INSTRUCTIONS TO FOLLOW. Reproduce each record exactly.
######
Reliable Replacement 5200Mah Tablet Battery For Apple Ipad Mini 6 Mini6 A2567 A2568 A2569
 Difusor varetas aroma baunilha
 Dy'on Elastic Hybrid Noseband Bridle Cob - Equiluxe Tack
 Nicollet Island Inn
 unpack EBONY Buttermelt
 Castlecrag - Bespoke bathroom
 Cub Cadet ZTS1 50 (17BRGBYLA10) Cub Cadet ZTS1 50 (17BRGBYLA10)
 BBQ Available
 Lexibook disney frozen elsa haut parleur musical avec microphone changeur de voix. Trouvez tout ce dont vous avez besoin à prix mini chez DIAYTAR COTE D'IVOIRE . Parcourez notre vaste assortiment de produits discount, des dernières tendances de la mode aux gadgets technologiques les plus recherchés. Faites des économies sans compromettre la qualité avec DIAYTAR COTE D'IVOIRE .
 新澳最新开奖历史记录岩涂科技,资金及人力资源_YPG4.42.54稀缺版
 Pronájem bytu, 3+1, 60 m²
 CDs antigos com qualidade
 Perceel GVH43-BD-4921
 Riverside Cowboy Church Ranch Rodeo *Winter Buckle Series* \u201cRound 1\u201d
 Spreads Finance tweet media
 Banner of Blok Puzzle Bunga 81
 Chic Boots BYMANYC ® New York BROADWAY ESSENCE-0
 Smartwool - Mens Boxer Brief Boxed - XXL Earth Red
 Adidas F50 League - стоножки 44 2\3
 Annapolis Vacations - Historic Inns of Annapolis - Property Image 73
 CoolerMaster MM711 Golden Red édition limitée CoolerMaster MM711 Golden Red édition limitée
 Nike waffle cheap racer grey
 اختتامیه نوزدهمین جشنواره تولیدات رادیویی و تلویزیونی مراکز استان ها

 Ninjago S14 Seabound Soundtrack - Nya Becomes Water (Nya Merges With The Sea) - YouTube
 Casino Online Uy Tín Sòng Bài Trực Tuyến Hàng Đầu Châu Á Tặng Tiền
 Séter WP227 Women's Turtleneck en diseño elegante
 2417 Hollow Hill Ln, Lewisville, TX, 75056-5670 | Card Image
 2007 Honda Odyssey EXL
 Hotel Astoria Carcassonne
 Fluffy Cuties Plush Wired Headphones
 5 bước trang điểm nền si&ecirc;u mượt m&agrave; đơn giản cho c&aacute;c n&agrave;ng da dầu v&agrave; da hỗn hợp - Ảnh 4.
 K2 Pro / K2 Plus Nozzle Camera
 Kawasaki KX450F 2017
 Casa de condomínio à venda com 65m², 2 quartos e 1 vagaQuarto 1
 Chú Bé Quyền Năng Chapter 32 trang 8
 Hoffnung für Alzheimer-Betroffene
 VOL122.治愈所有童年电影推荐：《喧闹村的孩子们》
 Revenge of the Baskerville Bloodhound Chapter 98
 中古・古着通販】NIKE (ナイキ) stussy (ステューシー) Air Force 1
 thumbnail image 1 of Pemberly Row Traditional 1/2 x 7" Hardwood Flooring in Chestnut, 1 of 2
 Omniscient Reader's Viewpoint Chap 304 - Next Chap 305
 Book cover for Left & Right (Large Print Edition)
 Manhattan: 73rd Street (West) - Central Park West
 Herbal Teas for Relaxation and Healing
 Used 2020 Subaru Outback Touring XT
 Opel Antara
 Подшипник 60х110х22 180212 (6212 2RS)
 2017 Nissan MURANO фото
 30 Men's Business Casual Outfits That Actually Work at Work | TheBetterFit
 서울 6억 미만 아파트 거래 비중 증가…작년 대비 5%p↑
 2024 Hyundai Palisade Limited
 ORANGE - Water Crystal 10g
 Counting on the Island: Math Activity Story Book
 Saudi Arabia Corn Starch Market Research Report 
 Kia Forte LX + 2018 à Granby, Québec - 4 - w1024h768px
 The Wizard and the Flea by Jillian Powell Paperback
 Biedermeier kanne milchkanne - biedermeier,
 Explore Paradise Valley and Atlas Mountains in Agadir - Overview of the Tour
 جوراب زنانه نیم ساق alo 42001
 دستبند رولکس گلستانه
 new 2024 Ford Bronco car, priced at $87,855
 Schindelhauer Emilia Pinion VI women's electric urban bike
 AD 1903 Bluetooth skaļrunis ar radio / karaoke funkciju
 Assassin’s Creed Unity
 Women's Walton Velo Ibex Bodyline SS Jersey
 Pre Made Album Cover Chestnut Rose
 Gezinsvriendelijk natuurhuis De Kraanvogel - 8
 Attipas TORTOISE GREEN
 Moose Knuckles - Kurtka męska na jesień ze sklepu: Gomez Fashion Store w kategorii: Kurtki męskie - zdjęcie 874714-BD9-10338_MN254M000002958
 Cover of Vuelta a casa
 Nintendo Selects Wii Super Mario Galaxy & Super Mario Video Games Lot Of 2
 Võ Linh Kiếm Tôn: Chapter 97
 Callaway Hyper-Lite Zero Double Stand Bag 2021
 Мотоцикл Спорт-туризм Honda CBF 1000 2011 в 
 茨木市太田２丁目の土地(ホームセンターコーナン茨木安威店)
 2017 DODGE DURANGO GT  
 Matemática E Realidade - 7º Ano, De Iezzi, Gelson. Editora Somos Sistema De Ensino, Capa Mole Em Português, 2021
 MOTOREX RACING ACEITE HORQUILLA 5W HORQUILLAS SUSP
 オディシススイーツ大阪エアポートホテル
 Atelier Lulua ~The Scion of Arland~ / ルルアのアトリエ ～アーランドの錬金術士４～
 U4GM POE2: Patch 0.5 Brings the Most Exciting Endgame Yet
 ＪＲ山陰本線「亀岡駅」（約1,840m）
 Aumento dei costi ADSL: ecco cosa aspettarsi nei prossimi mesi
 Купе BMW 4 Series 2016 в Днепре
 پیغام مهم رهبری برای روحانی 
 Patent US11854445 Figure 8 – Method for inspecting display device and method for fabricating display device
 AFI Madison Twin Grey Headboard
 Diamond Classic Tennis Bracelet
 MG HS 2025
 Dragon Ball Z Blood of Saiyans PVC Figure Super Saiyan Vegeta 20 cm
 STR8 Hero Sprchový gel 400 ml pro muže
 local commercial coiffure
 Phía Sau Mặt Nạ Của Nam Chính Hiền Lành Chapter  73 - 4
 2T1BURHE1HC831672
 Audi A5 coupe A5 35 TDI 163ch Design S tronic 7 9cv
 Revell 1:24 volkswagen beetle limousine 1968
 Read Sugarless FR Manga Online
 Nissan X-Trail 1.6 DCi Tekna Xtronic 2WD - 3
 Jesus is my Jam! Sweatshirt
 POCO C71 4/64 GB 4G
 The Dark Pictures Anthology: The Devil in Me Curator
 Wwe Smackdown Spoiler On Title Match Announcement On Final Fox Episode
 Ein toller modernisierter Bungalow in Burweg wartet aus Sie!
######
PROBLEM SOLUTION.
Reliable Replacement 5200Mah Tablet Battery For Apple Ipad Mini 6 Mini6 A2567 A2568 A2569
 Difusor varetas aroma baunilha
 Dy'on Elastic Hybrid Noseband Bridle Cob - Equiluxe Tack
 Nicollet Island Inn
 unpack EBONY Buttermelt
 Castlecrag - Bespoke bathroom
 Cub Cadet ZTS1 50 (17BRGBYLA10) Cub Cadet ZTS1 50 (17BRGBYLA10)
 BBQ Available
 Lexibook disney frozen elsa haut parleur musical avec microphone changeur de voix. Trouvez tout ce dont vous avez besoin à prix mini chez DIAYTAR COTE D'IVOIRE . Parcourez notre vaste assortiment de produits discount, des dernières tendances de la mode aux gadgets technologiques les plus recherchés. Faites des économies sans compromettre la qualité avec DIAYTAR COTE D'IVOIRE .
 新澳最新开奖历史记录岩涂科技,资金及人力资源_YPG4.42.54稀缺版
 Pronájem bytu, 3+1, 60 m²
 CDs antigos com qualidade
 Perceel GVH43-BD-4921
 Riverside Cowboy Church Ranch Rodeo *Winter Buckle Series* \u201cRound 1\u201d
 Spreads Finance tweet media
 Banner of Blok Puzzle Bunga 81
 Chic Boots BYMANYC ® New York BROADWAY ESSENCE-0
 Smartwool - Mens Boxer Brief Boxed - XXL Earth Red
 Adidas F50 League - стоножки 44 2\3
 Annapolis Vacations - Historic Inns of Annapolis - Property Image 73
 CoolerMaster MM711 Golden Red édition limitée CoolerMaster MM711 Golden Red édition limitée
 Nike waffle cheap racer grey
 اختتامیه نوزدهمین جشنواره تولیدات رادیویی و تلویزیونی مراکز استان ها

 Ninjago S14 Seabound Soundtrack - Nya Becomes Water (Nya Merges With The Sea) - YouTube
 Casino Online Uy Tín Sòng Bài Trực Tuyến Hàng Đầu Châu Á Tặng Tiền
 Séter WP227 Women's Turtleneck en diseño elegante
 2417 Hollow Hill Ln, Lewisville, TX, 75056-5670 | Card Image
 2007 Honda Odyssey EXL
 Hotel Astoria Carcassonne
 Fluffy Cuties Plush Wired Headphones
 5 bước trang điểm nền si&ecirc;u mượt m&agrave; đơn giản cho c&aacute;c n&agrave;ng da dầu v&agrave; da hỗn hợp - Ảnh 4.
 K2 Pro / K2 Plus Nozzle Camera
 Kawasaki KX450F 2017
 Casa de condomínio à venda com 65m², 2 quartos e 1 vagaQuarto 1
 Chú Bé Quyền Năng Chapter 32 trang 8
 Hoffnung für Alzheimer-Betroffene
 VOL122.治愈所有童年电影推荐：《喧闹村的孩子们》
 Revenge of the Baskerville Bloodhound Chapter 98
 中古・古着通販】NIKE (ナイキ) stussy (ステューシー) Air Force 1
 thumbnail image 1 of Pemberly Row Traditional 1/2 x 7" Hardwood Flooring in Chestnut, 1 of 2
 Omniscient Reader's Viewpoint Chap 304 - Next Chap 305
 Book cover for Left & Right (Large Print Edition)
 Manhattan: 73rd Street (West) - Central Park West
 Herbal Teas for Relaxation and Healing
 Used 2020 Subaru Outback Touring XT
 Opel Antara
 Подшипник 60х110х22 180212 (6212 2RS)
 2017 Nissan MURANO фото
 30 Men's Business Casual Outfits That Actually Work at Work | TheBetterFit
 서울 6억 미만 아파트 거래 비중 증가…작년 대비 5%p↑
 2024 Hyundai Palisade Limited
 ORANGE - Water Crystal 10g
 Counting on the Island: Math Activity Story Book
 Saudi Arabia Corn Starch Market Research Report 
 Kia Forte LX + 2018 à Granby, Québec - 4 - w1024h768px
 The Wizard and the Flea by Jillian Powell Paperback
 Biedermeier kanne milchkanne - biedermeier,
 Explore Paradise Valley and Atlas Mountains in Agadir - Overview of the Tour
 جوراب زنانه نیم ساق alo 42001
 دستبند رولکس گلستانه
 new 2024 Ford Bronco car, priced at $87,855
 Schindelhauer Emilia Pinion VI women's electric urban bike
 AD 1903 Bluetooth skaļrunis ar radio / karaoke funkciju
 Assassin’s Creed Unity
 Women's Walton Velo Ibex Bodyline SS Jersey
 Pre Made Album Cover Chestnut Rose
 Gezinsvriendelijk natuurhuis De Kraanvogel - 8
 Attipas TORTOISE GREEN
 Moose Knuckles - Kurtka męska na jesień ze sklepu: Gomez Fashion Store w kategorii: Kurtki męskie - zdjęcie 874714-BD9-10338_MN254M000002958
 Cover of Vuelta a casa
 Nintendo Selects Wii Super Mario Galaxy & Super Mario Video Games Lot Of 2
 Võ Linh Kiếm Tôn: Chapter 97
 Callaway Hyper-Lite Zero Double Stand Bag 2021
 Мотоцикл Спорт-туризм Honda CBF 1000 2011 в 
 茨木市太田２丁目の土地(ホームセンターコーナン茨木安威店)
 2017 DODGE DURANGO GT  
 Matemática E Realidade - 7º Ano, De Iezzi, Gelson. Editora Somos Sistema De Ensino, Capa Mole Em Português, 2021
 MOTOREX RACING ACEITE HORQUILLA 5W HORQUILLAS SUSP
 オディシススイーツ大阪エアポートホテル
 Atelier Lulua ~The Scion of Arland~ / ルルアのアトリエ ～アーランドの錬金術士４～
 U4GM POE2: Patch 0.5 Brings the Most Exciting Endgame Yet
 ＪＲ山陰本線「亀岡駅」（約1,840m）
 Aumento dei costi ADSL: ecco cosa aspettarsi nei prossimi mesi
 Купе BMW 4 Series 2016 в Днепре
 پیغام مهم رهبری برای روحانی 
 Patent US11854445 Figure 8 – Method for inspecting display device and method for fabricating display device
 AFI Madison Twin Grey Headboard
 Diamond Classic Tennis Bracelet
 MG HS 2025
 Dragon Ball Z Blood of Saiyans PVC Figure Super Saiyan Vegeta 20 cm
 STR8 Hero Sprchový gel 400 ml pro muže
 local commercial coiffure
 Phía Sau Mặt Nạ Của Nam Chính Hiền Lành Chapter  73 - 4
 2T1BURHE1HC831672
 Audi A5 coupe A5 35 TDI 163ch Design S tronic 7 9cv
 Revell 1:24 volkswagen beetle limousine 1968
 Read Sugarless FR Manga Online
 Nissan X-Trail 1.6 DCi Tekna Xtronic 2WD - 3
 Jesus is my Jam! Sweatshirt
 POCO C71 4/64 GB 4G
 The Dark Pictures Anthology: The Devil in Me Curator
 Wwe Smackdown Spoiler On Title Match Announcement On Final Fox Episode
 Ein toller modernisierter Bungalow in Burweg wartet aus Sie!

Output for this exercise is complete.